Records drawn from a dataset

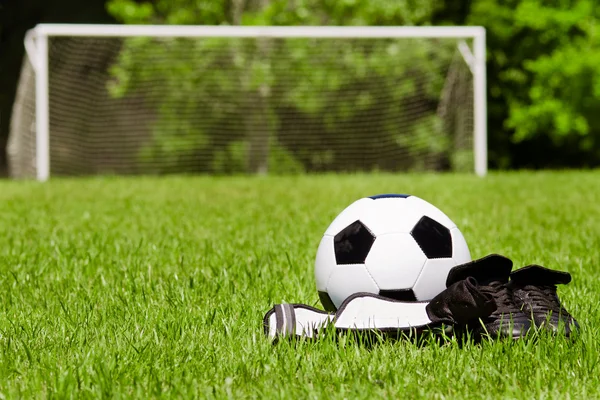 Concepto de deportes infantiles con pelota de fútbol, tacos, espinilleras en el campo con espacio para copiar —  Fotos de Stock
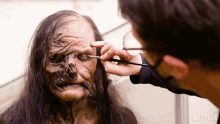 Retouching Guillermo Del Toros Cabinet Of Curiosities GIF - Retouching Guillermo Del Toros Cabinet Of Curiosities Getting My Make Up Done GIFs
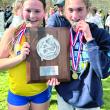 Two runners celebrate. 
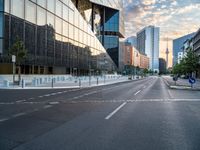 a empty street with buildings on both sides of it and traffic signals in the middle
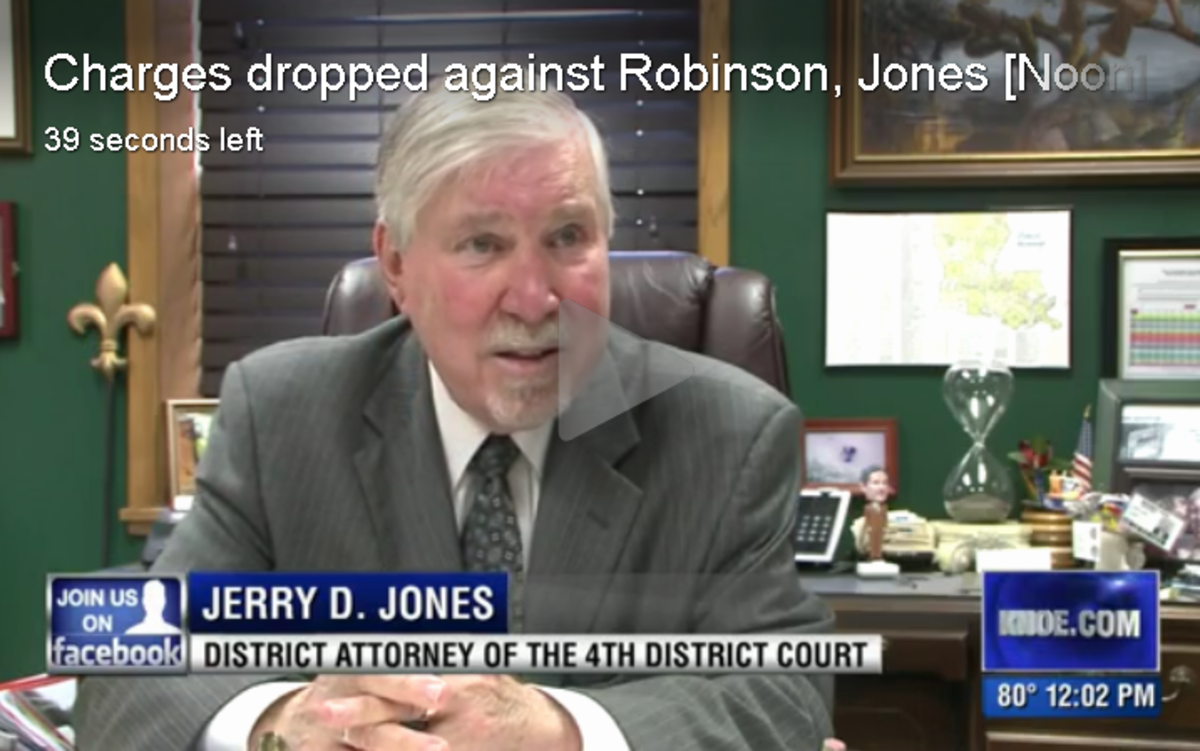 District Attorney Jerry D. Jones at his desk discussing the dropped charges of Alabama football players.
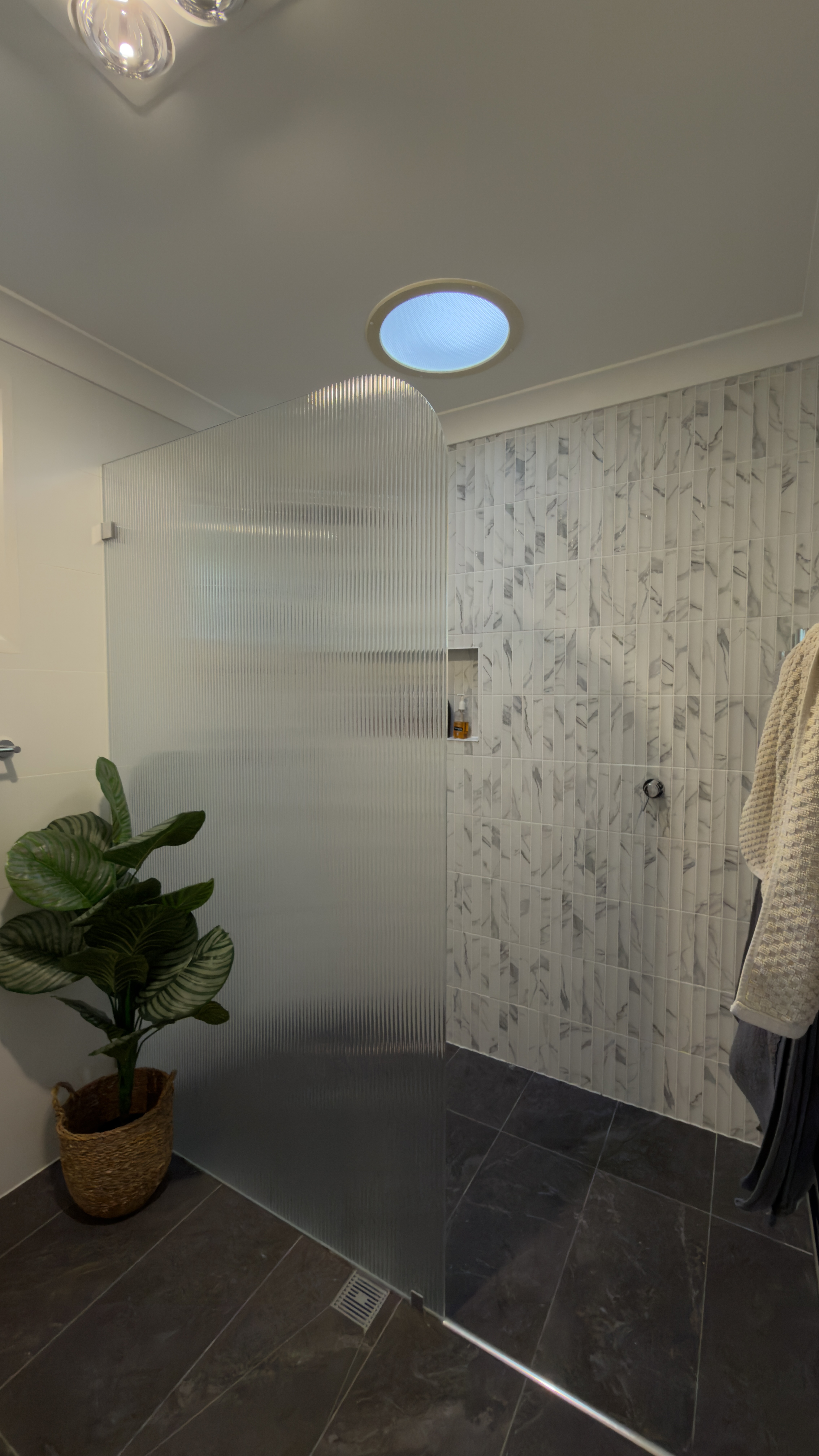 Bathroom renovation detail with tiled wet area finishes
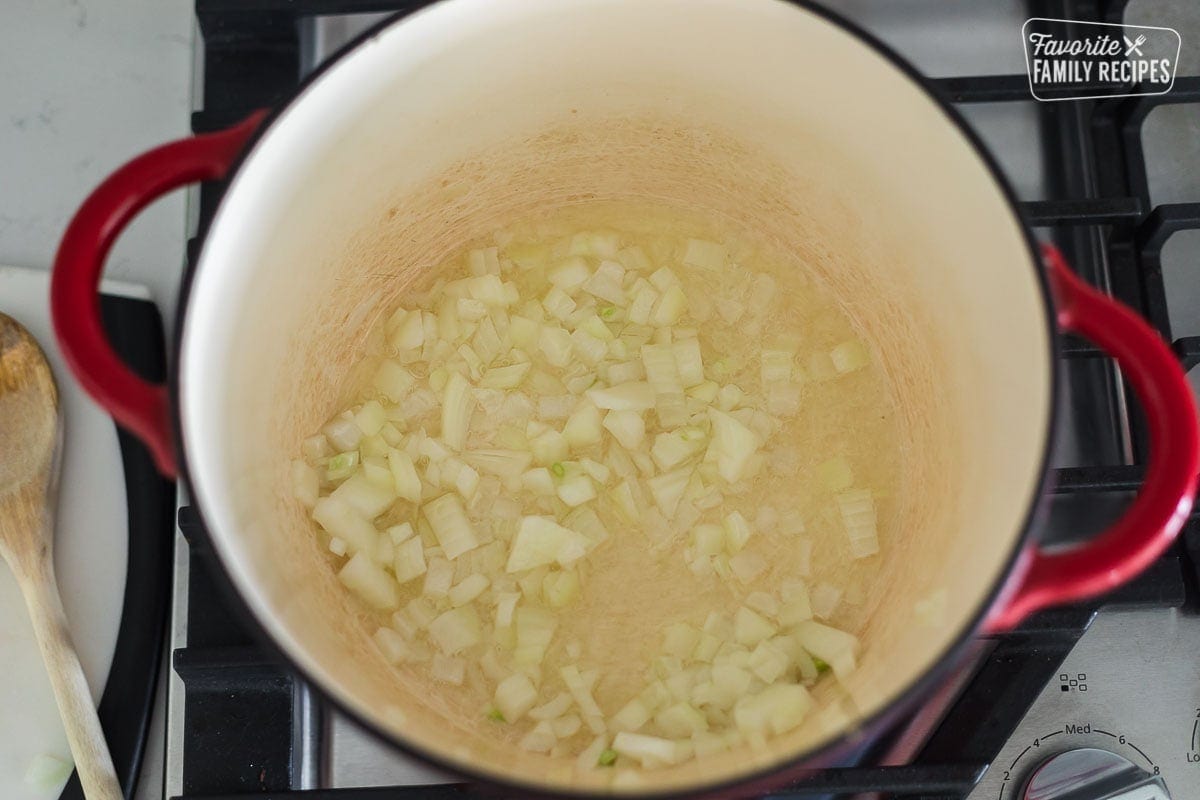 chopped onions sautéing in a Dutch oven on the stove
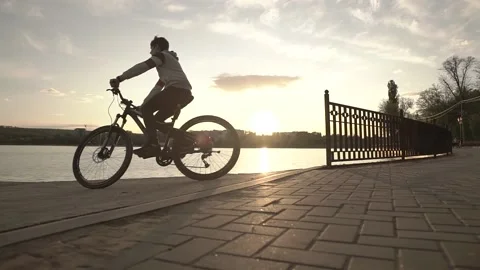 Man riding the bicycle on the sunset Stock Footage 130473016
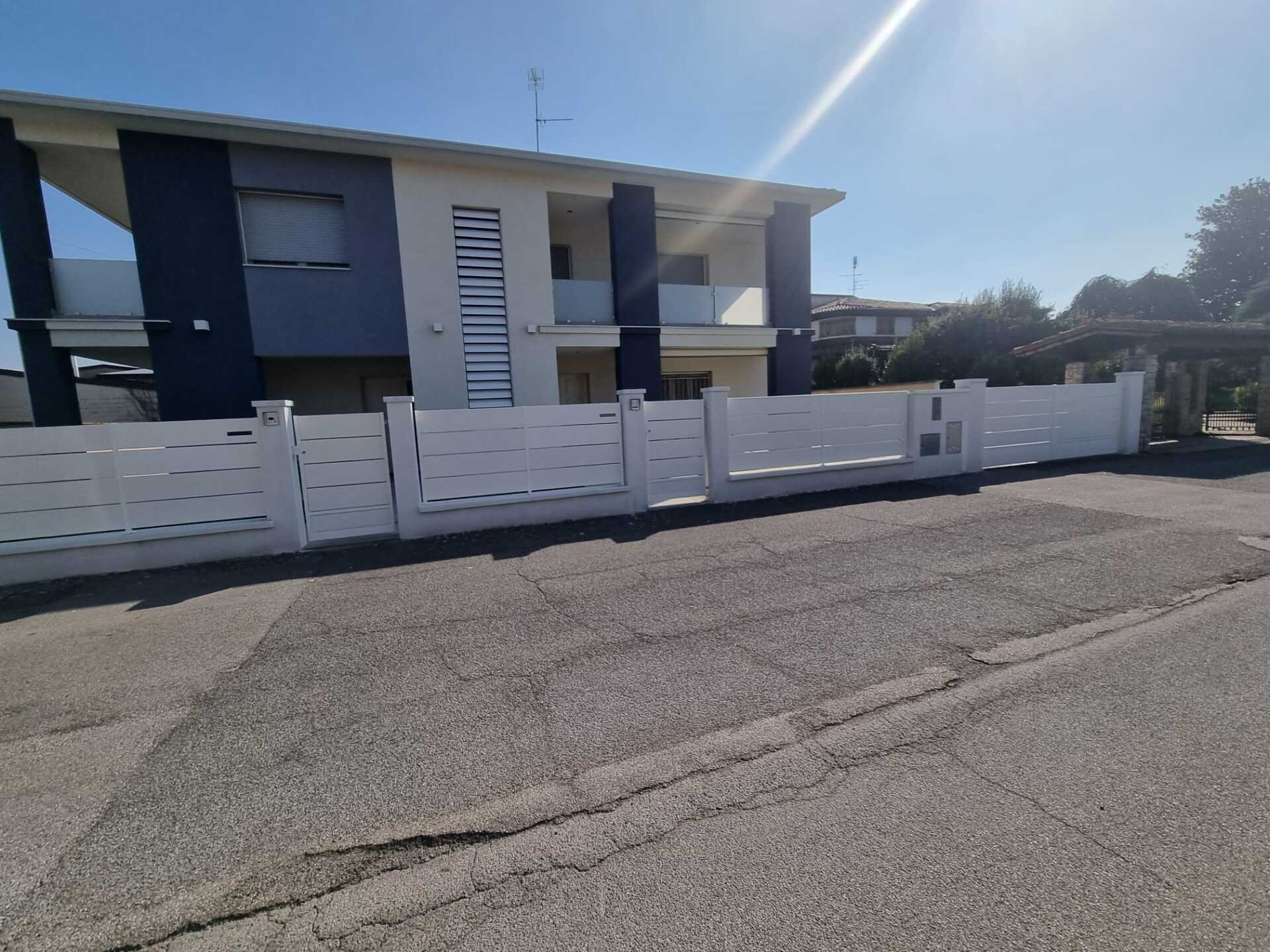 Recinzione bianca davanti a un edificio a due piani con facciata blu scuro e bianca, sotto un cielo luminoso.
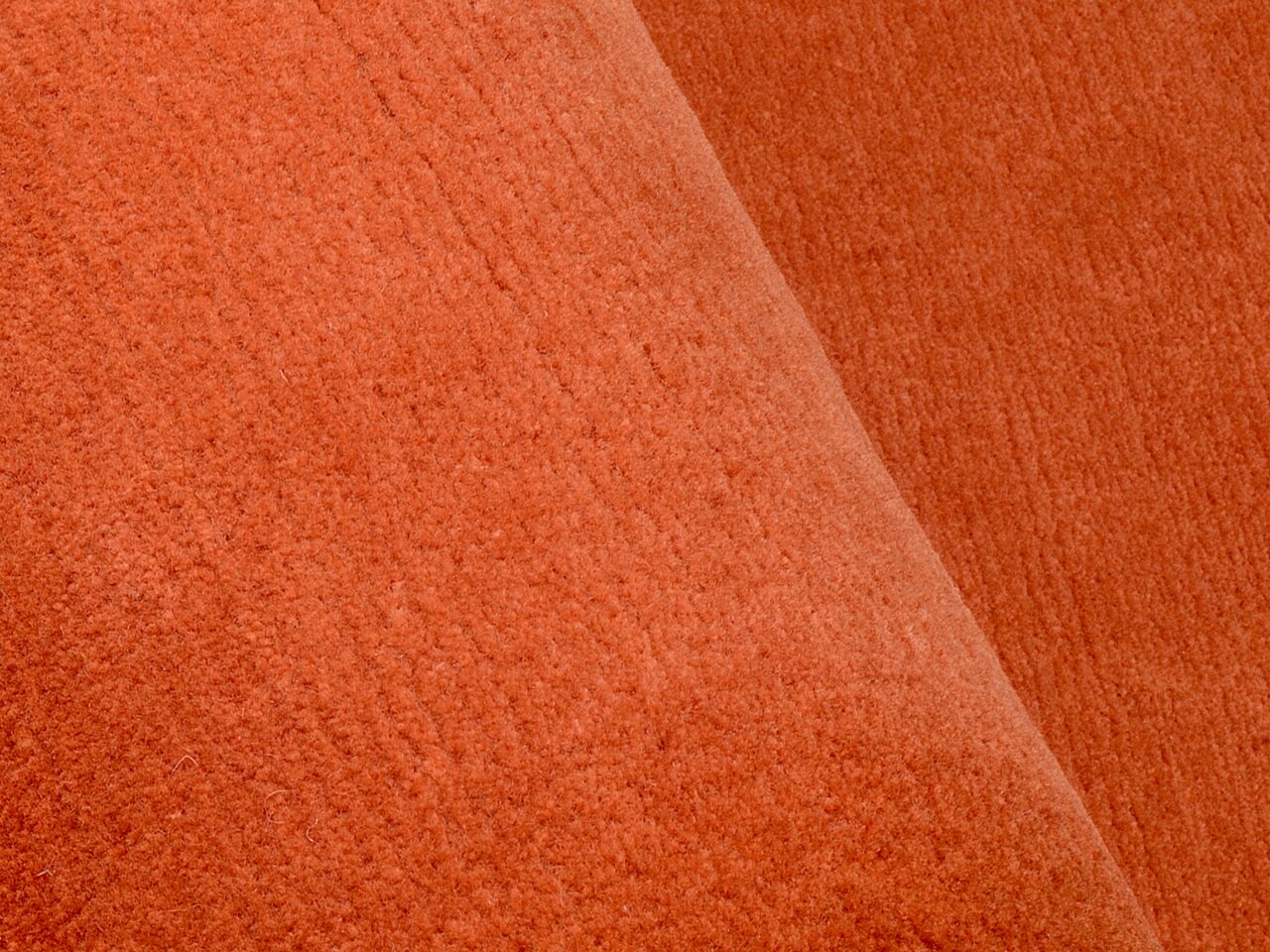 Nahaufnahme eines orangefarbenen Wollteppichs mit weicher Textur.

TASK DIRECTIONS >> In the data above, find the line containing "chopped onions sautéing"; from there, please write out each line through the end, exactly, with the pictures omitted.

WRITTEN ANSWER >>
 chopped onions sautéing in a Dutch oven on the stove
 Man riding the bicycle on the sunset Stock Footage 130473016
 Recinzione bianca davanti a un edificio a due piani con facciata blu scuro e bianca, sotto un cielo luminoso.
 Nahaufnahme eines orangefarbenen Wollteppichs mit weicher Textur.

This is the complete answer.